Intanto il sostituto procuratore Raffaele Casto, con la piena condivisione del gip, ha cristallizzato il primo episodio arrestando i quattro e ponendo le basi per costruire un impianto accusatorio con ulteriori elementi dei quali, probabilmente, dispone la polizia.

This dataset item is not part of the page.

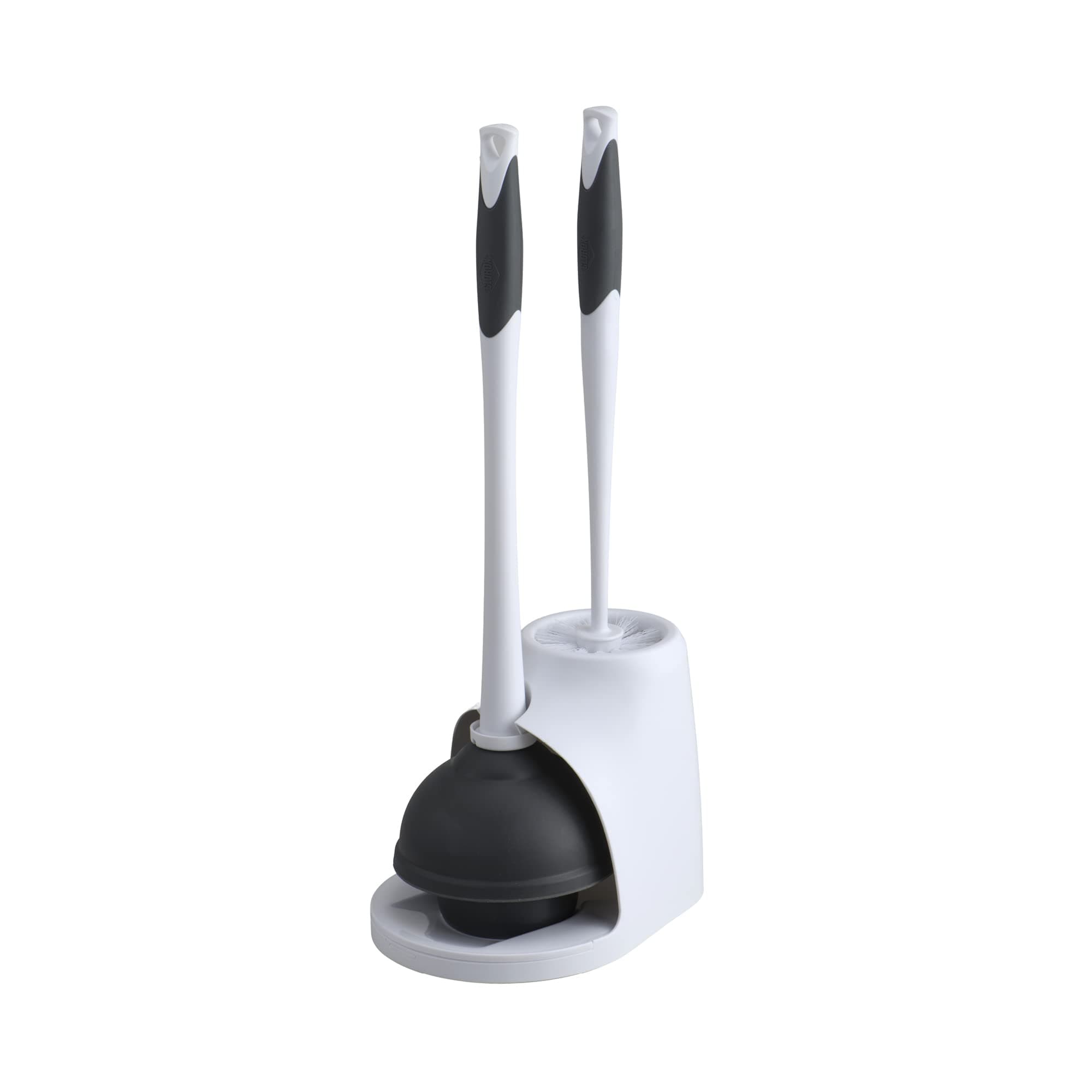 Clorox Toilet Plunger and Bowl Brush Combo with Caddy, 6.75 x 7 x 19.5 in, White/Gray White/Gray 1-Pack Combo Set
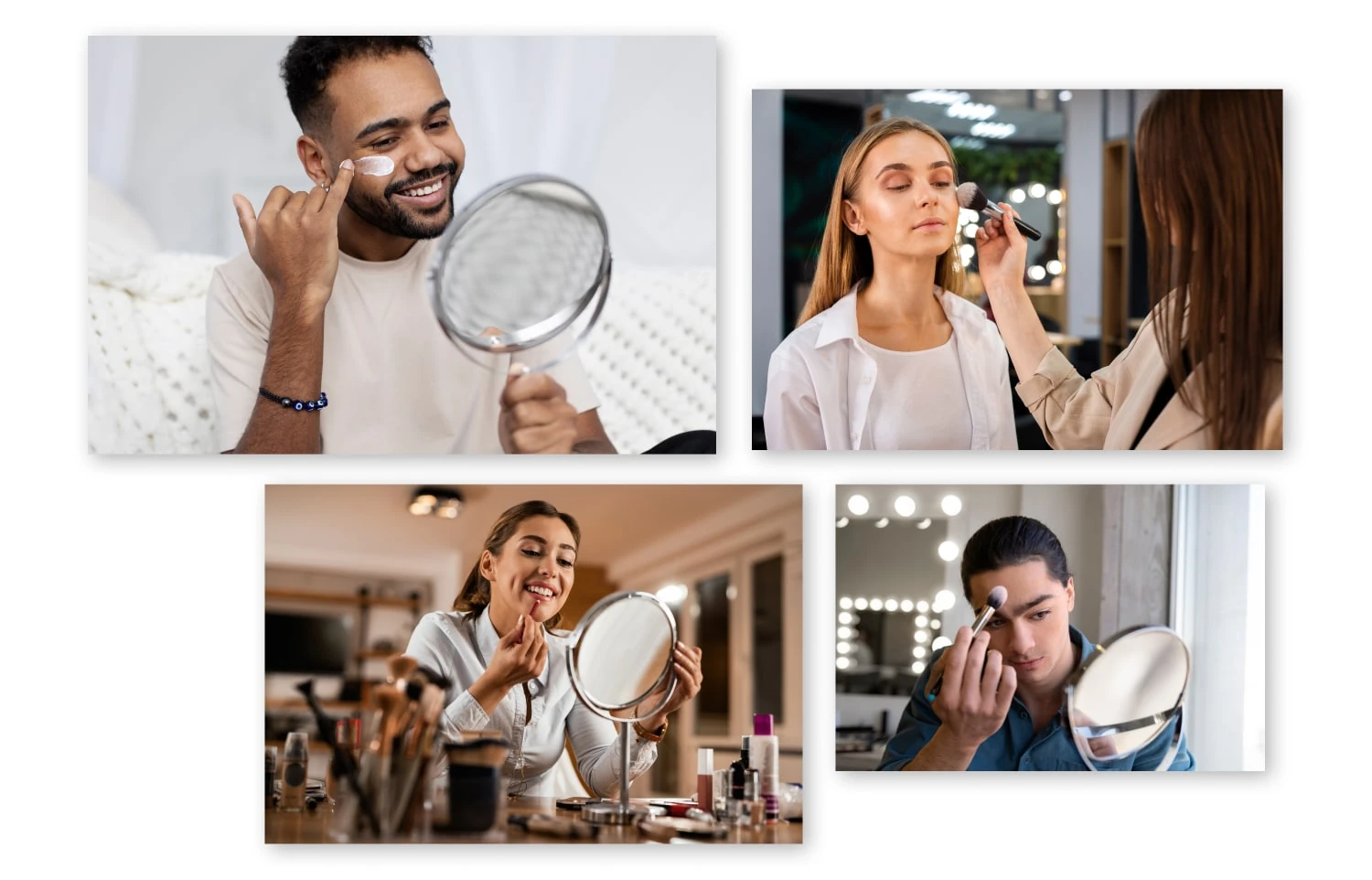 A four-photo collage of diverse people getting headshot-ready: a smiling man applying skincare with a hand mirror, a woman having powder applied by a makeup artist, a woman applying lipstick at a vanity, and a man applying makeup with a brush at a lit mirror.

Gioca a scacchi anche la difesa. Gli avvocati Gianvito Lillo, Luca Leoci, Manuela Greco e Alessandro Gueli piuttosto che scegliere la linea consueta adottata in casi analoghi che è quella di tentare di ottenere immediatamente la scarcerazione degli arrestati, hanno richiesto copia degli atti processuali rimandando eventuali istanze. Perché la vera partita non è quella di difendersi dall’accusa del tentativo di estorsione, che probabilmente preoccupa marginalmente e in aula avrebbe buone possibilità di essere ridimensionata, ma il rischio di un coinvolgimento nell’omicidio. Un collegamento che nelle ordinanze di custodia cautelare viene ingegnosamente menzionato solo in maniera cronologica rispetto al raid in casa Carvone, ma senza che venga formalizzata alcuna accusa di partecipazione omicidio nei confronti dei quattro. Che per altro non sono stati neanche sottoposti a prova stub. Ma sui quattro aleggia questo sospetto, lo ha fatto intendere anche il capo della Mobile, Rita Sverdigliozzi.
Insomma il teorema è che, dopo l’irruzione in casa Carvone, i quattro (o qualcuno di loro) non soddisfatti delle risposte ricevute, abbiano deciso di punire il ragazzo aspettando che scendesse da casa la notte successiva. Un omicidio premeditato? O un delitto non pianificato ma scaturito nel corso di una nuova discussione? Un tentativo di ferimento fallito tragicamente? Qualunque siano le ipotesi a supporto della tesi, finora manca la dimostrazione. Probabilmente nascosta nelle pieghe di un’indagine cui la Squadra Mobile sta dedicando grandi energie sin dalla notte tra il 9 e il 10 settembre, quella del delitto.
Non si dà pace Piero Carvone, per la morte del figlio che non passa giorno di ricordare con foto e frasi strazianti su Facebook. Ma c’è un’altra famiglia che probabilmente sta vivendo con sentimenti contrastanti la vicenda, in particolare la parte che riguarda l’arresto di Giuseppe Lonoce. Si tratta dei genitori di Giorgia Zuccaro, la ragazza brindisina morta in un incidente stradale nella notte del 5 giugno 2011. Alla guida dell’auto in cui Giorgia, in via Cappuccini, perse la vita c’era il suo ragazzo, Giuseppe Lonoce appunto, che risultò positivo ai test sull’assunzione di sostanza stupefacente e alcolici. Lonoce venne condannato dal Tribunale di Brindisi a quattro anni e tre mesi di reclusione, ma la Corte d’Appello ribaltò la sentenza “mancando la prova certa che quella notte alla guida ci fosse il giovane” e dunque assolvendolo perché il fatto non sussiste. Una decisione confermata pochi mesi fa dalla Corte di Cassazione.
Ora, per un’altra auto e sullo sfondo della tragica morte di un altro ragazzo, Lonoce è tornato in carcere.